## Task instructions
Please return the data that follows precisely as written, but without the images.

## Data excerpt
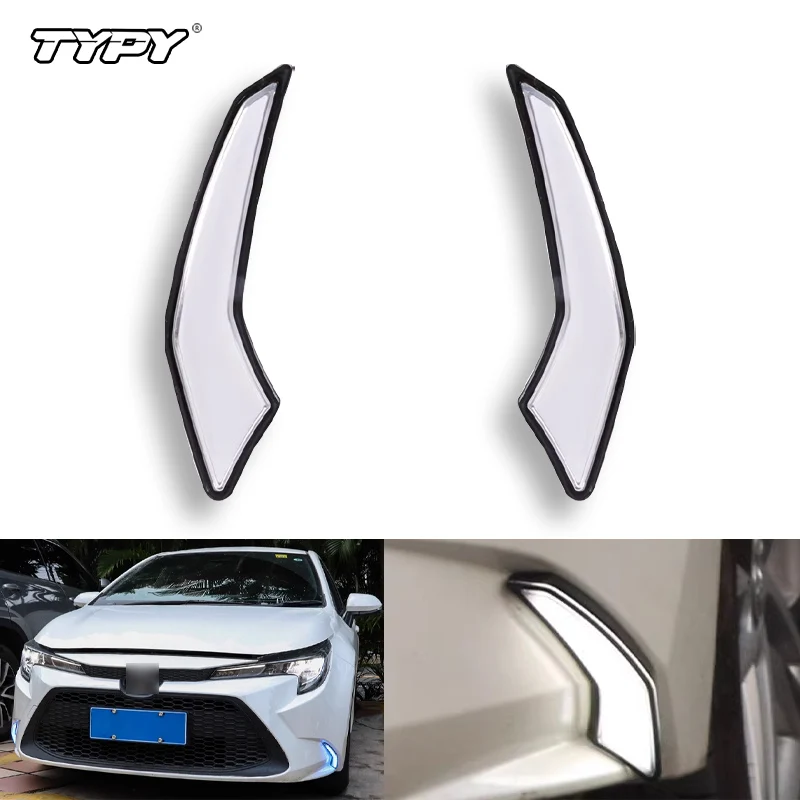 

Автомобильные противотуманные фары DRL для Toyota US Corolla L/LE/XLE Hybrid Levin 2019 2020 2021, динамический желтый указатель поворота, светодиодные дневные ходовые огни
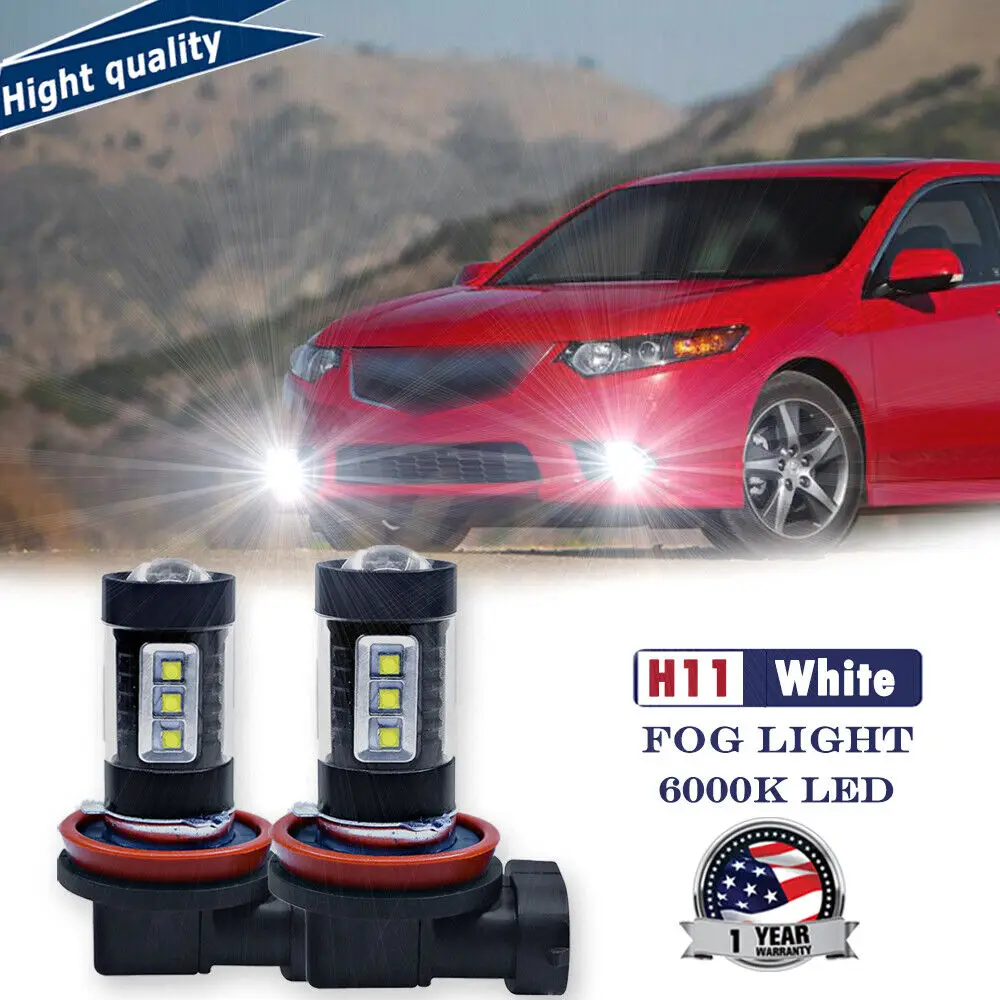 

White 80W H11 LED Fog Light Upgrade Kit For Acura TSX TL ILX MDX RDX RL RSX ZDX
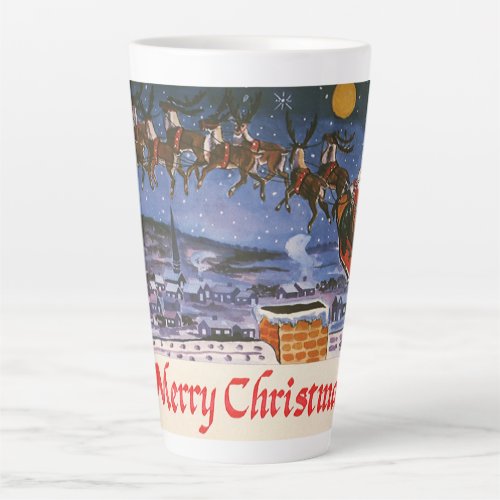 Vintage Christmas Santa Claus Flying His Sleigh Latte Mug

## Result of the exercise
Автомобильные противотуманные фары DRL для Toyota US Corolla L/LE/XLE Hybrid Levin 2019 2020 2021, динамический желтый указатель поворота, светодиодные дневные ходовые огни

White 80W H11 LED Fog Light Upgrade Kit For Acura TSX TL ILX MDX RDX RL RSX ZDX
 Vintage Christmas Santa Claus Flying His Sleigh Latte Mug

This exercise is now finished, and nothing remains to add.